I just started in the Physics graduate program at UC Davis. Unbeknownst to me, the Physics department has an education research group which has been thinking about how to teach physics with the same philosophy that Green discusses (see this paper describing their methodology and results, summarized in the next paragraph). I (and my fellow first years) are lucky enough to teach this course and have spent the last three days training to be instructors.
Physics 7 consists of one hour a week of lecture and five hours of discussion lab. The discussion labs meet twice a week for two and a half hours and are a series of activities that allow the students to use, think through, and extend the equations and concepts that they've learned in class to better understand them. While there are quizzes in lecture, the discussion labs grades are based on participation. In class most activities are discussed in small groups. Each group has a blackboard on which they write up their answers and then the whole class discusses the conclusions of each group. I'm really excited to try this method of teaching and would like to see if we can extend it to SWC.
I haven't actually instructed yet (classes start Thursday) so I'm not ready to reform our instruction (yet) but I can discuss the training. There are three pieces that I think we could easily implement. Note: in the following paragraphs I will refer to the people teaching the instructor training course as 'teachers' and the people being trained as 'instructors'.

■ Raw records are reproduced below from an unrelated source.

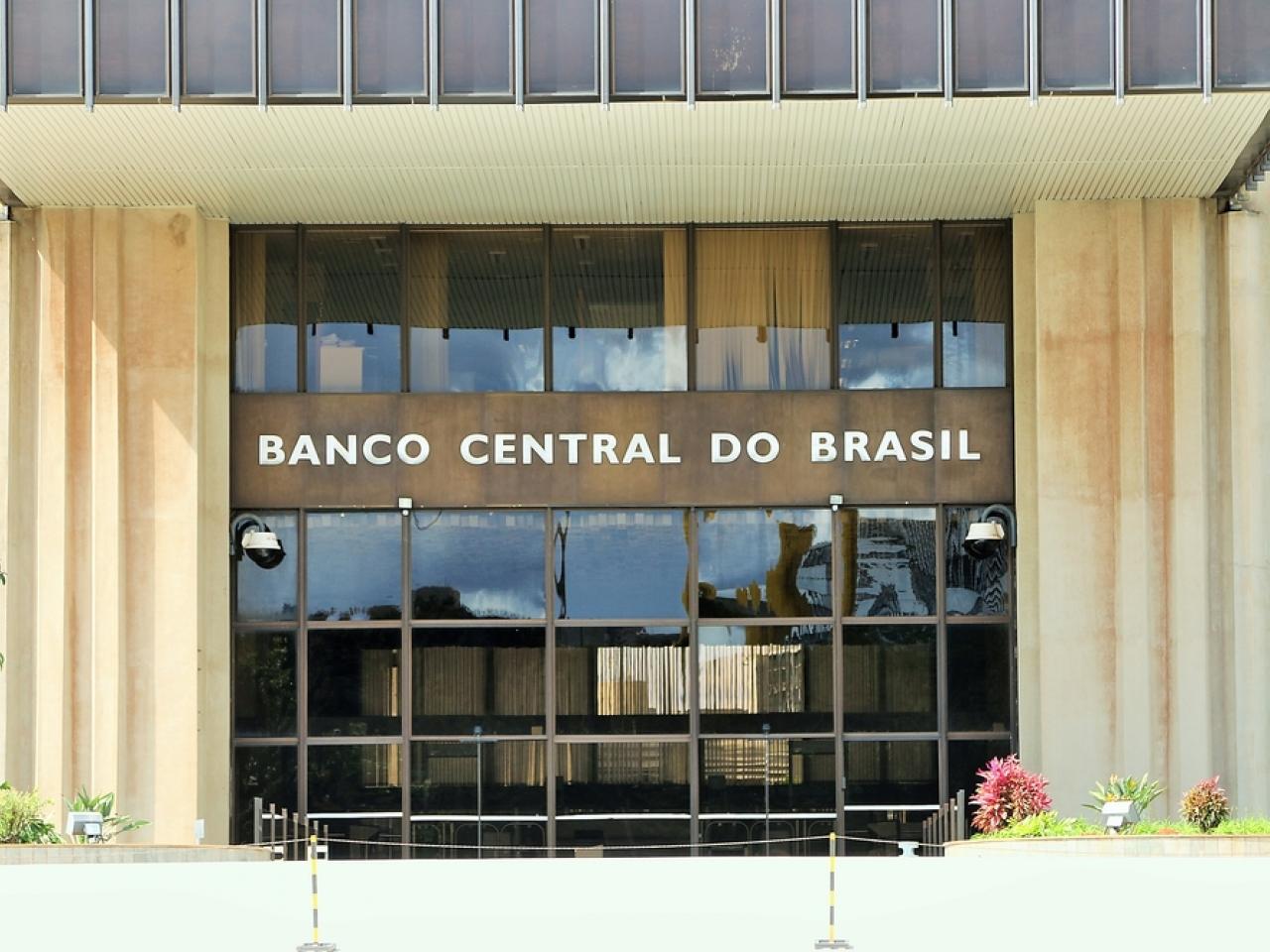 巴西宣布与中国直接本币结算意义,巴西为什么向中国靠拢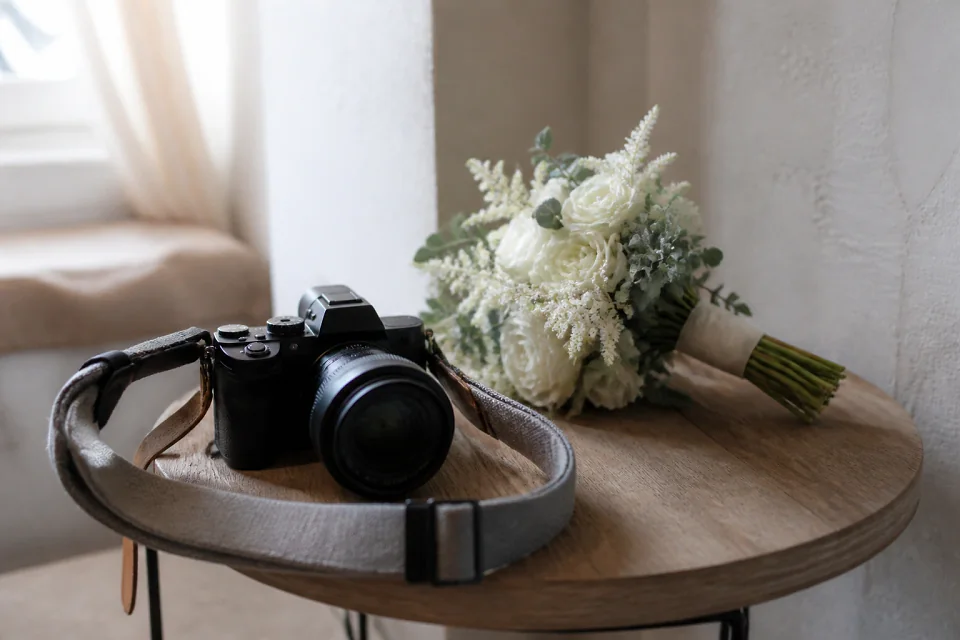 Appareil photo et accessoires de reportage de mariage — illustration générée par IA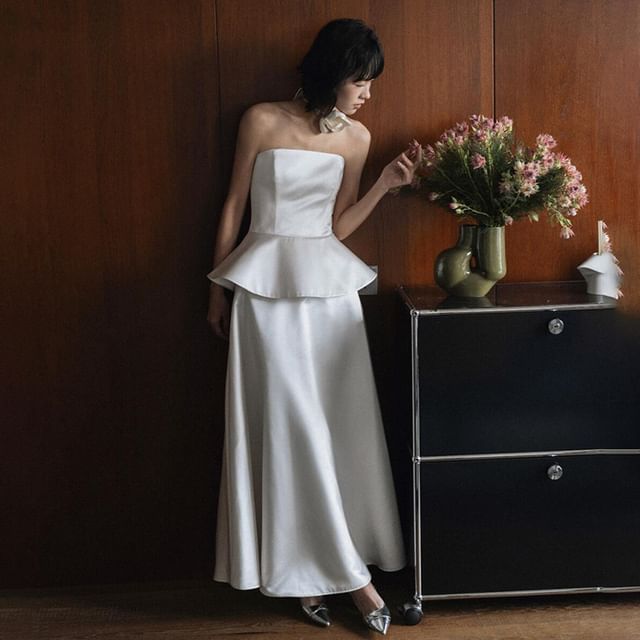JVL-Strapless Ruffle Plain A-Line Evening Gown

- Classes were videotaped and clips of the videos were shown and discussed with the class. Occasionally the video was paused so the teacher could point out a particular teaching method or issue we might encounter. I could see this being used from anything to viewing what it looks like to give the class an exercise, to going over the solution, to walking around the room, to answering a question, to using the Etherpad, to switching between the shell and something else. Nothing compares to seeing a method in action.
- The teachers lead an exercise with the instructors as the class. This allowed us both to get a sense of how the class flowed and to see how teachers handled different situations (such as calling on students, differing explanations from different groups, leading a group discussion, walking around the room, etc). We were also given plenty of time to ask questions so the teacher could further explain why he was doing what he was doing.
- Finally, we split a lesson into small pieces which encapsulated both small group discussion and whole class discussion. Each instructor taught a section to the rest of the class. After each section the instructor was asked how he/she thought it went and then the class and teacher gave both positive and negative feedback. The most interesting tidbit I picked up today: If you move around the class so that you are always on the opposite side of the room from whoever is speaking, they will naturally speak to you and include the whole class.
I can't wait to see all this pedagogy in action.